Spätestens mit dem Fall Asia Bibis, deren Verurteilung zum Tode wegen Blasphemie weltweit für Bestürzung und Empörung gesorgt hatte, ist die strenge Anti-Blasphemiegesetzgebung Pakistans bekannt. Obwohl diese Gesetze immer wieder missbraucht werden, um unliebsame Menschen hinter Gitter zu bringen, wurden sie nicht den Forderungen von Menschenrechtsorganisationen entsprechend gestrichen, sondern jetzt sogar noch verschärft.
Die pakistanische Nationalversammlung hat einstimmig beschlossen, den Anwendungsbereich der Anti-Blasphemiegesetzgebung zu erweitern und die Strafen für verurteilte Personen noch einmal zu erhöhen. Das Strafgesetzbuch Pakistans sah mit den Paragraphen 295 und 298 bereits vor dem Beschluss hohe Strafen für Blasphemie vor. Geld- und Gefängnisstrafen bis hin zu lebenslänglicher Gefangenschaft und sogar die Todesstrafe für die Beleidigung Mohammeds oder anderer Propheten drohten bei Verurteilung. Lynchjustiz bis hin zur Ermordung bedrohte außerdem diejenigen, die beschuldigt wurden und wütenden Mobs zum Opfer fielen.
In Zukunft reicht es bereits aus, der Beleidigung der Ehefrauen, Begleiter oder Verwandten des Propheten Mohammed beschuldigt zu werden, damit zehn Jahre bis lebenslange Haft und eine Geldstrafe von einer Million pakistanischen Rupien (etwa 3.500 Euro) drohen. Hinzu kommt, dass eine Entlassung gegen Kaution bei Blasphemie-Anschuldigungen nicht mehr möglich sein wird.

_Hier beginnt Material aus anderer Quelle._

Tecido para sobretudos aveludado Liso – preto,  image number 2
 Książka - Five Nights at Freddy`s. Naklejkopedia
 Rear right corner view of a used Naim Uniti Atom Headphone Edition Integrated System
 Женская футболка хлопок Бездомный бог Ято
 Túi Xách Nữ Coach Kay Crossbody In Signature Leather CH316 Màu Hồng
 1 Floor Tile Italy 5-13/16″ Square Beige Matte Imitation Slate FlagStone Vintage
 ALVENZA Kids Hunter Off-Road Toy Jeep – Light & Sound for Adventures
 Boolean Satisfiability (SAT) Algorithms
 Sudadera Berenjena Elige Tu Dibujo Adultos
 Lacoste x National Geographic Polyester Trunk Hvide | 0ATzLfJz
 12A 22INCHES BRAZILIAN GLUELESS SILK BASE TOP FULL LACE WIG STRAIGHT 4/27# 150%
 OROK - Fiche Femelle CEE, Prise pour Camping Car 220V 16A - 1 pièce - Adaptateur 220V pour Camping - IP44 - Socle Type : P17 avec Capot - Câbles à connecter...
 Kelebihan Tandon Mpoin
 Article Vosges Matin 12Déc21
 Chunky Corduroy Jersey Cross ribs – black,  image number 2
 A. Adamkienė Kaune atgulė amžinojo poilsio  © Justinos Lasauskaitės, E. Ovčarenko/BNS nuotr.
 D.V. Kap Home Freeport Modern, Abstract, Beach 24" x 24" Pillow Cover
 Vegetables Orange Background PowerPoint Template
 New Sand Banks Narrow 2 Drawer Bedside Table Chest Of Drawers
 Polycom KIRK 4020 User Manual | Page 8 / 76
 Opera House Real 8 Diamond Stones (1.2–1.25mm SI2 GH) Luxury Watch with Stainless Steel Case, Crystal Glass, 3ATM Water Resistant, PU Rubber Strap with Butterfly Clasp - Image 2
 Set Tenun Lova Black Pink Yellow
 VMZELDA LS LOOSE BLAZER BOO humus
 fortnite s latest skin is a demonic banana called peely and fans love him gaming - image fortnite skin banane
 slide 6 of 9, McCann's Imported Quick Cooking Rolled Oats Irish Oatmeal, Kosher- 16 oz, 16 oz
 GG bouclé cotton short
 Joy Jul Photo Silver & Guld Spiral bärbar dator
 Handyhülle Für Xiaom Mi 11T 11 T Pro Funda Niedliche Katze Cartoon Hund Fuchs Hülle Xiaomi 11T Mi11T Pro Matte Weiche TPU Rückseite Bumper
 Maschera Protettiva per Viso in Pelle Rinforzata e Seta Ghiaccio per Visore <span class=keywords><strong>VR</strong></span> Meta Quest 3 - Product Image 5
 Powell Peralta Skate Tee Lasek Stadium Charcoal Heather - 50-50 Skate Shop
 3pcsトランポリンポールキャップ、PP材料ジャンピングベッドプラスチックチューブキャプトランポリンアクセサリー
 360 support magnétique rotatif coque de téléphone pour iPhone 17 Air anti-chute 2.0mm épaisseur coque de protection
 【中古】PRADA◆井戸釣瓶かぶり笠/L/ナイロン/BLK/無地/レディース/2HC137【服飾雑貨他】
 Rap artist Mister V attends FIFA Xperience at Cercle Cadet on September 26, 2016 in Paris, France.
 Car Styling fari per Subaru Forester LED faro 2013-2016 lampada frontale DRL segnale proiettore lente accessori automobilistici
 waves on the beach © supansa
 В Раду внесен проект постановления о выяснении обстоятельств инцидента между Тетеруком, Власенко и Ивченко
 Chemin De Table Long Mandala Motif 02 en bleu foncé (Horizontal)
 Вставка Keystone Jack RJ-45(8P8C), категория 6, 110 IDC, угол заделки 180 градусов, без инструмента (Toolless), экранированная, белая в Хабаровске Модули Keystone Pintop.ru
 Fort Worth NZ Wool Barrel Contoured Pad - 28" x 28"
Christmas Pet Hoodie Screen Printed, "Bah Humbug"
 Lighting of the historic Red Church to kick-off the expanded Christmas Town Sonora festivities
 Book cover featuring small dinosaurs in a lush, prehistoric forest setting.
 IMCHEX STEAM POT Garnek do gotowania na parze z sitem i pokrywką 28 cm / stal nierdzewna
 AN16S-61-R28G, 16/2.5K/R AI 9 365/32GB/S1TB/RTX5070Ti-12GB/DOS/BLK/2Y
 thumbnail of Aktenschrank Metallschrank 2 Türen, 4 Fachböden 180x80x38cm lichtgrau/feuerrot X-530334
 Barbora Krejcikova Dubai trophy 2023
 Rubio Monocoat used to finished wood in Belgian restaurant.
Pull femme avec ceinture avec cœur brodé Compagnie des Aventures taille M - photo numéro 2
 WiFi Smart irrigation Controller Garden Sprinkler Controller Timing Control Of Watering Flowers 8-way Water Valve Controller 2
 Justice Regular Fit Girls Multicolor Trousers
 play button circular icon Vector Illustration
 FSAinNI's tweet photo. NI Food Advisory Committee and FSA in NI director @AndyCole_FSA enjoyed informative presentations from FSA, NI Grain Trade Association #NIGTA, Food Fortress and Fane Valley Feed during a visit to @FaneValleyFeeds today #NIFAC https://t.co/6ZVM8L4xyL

Eine Situation, die extrem religiöse Kräfte in ihrer Wut auf alle ihrer Sicht nach un- oder falschgläubigen noch unterstützt und bekräftigt, dass vermeintliche Gottheiten und ihre Vertreter*innen auf Erden in ihren erfundenen Befindlichkeiten zu schützen seien.
Menschenrechtsorganisationen wie Human Rights Watch, Amnesty International und vor allem die pakistanische Nichtregierungsorganisation Human Rights Commission of Pakistan (Menschenrechtskommission Pakistan), fordern seit langem die Abschaffung der Anti-Blasphemiegesetze, da diese religiöse Minderheiten, wie zum Beispiel die christliche, zu der auch Asia Bibi gehörte, gefährden. Neben religiösen Minderheiten, zu denen im überwiegend muslimischen Pakistan auch Sekten gehören, können auch muslimische Gläubige ins Visier von Justiz und oder Lynchmobs geraten. Wer als ungeliebte Konkurrenz wahrgenommen wird, kann sich nicht sicher sein, nicht blasphemische Aussagen in den Mund gelegt zu bekommen.
Dafür reicht bisweilen, nur von einem Traum zu berichten. Im November 2022 wurde ein Mann freigesprochen, der der Blasphemie bezichtigt worden war, weil er vor anderen Menschen angab im Traum geflogen zu sein sowie Allah und einige Begleiter des Propheten Mohammed gesehen zu haben. Richter Tariq Saleem Sheikh vom Obersten Gerichtshof in Lahore hatte den Beschuldigten freigesprochen. Den Freispruch begründete er damit, dass die Polizei keine Beweise für Blasphemie vorlegen könne. Zudem könne dem Beschuldigten keine Absicht zur Beleidigung religiöser Gefühle nachgewiesen werden. Der Richter erklärte zudem, dass die Polizei nicht überprüft habe, ob der Beschuldigte an einer mentalen Erkrankung leide. Sei dies der Fall, müsse er eine Behandlung erhalten und vor Bestrafung geschützt werden.
Ob Richter und Beschuldigter sicher vor religiösen Eiferern sind, ist nicht bekannt.
Zusatz der Redaktion: Auch der Zugriff auf Wikipedia wurde in Pakistan wegen angeblicher Blasphemie gesperrt.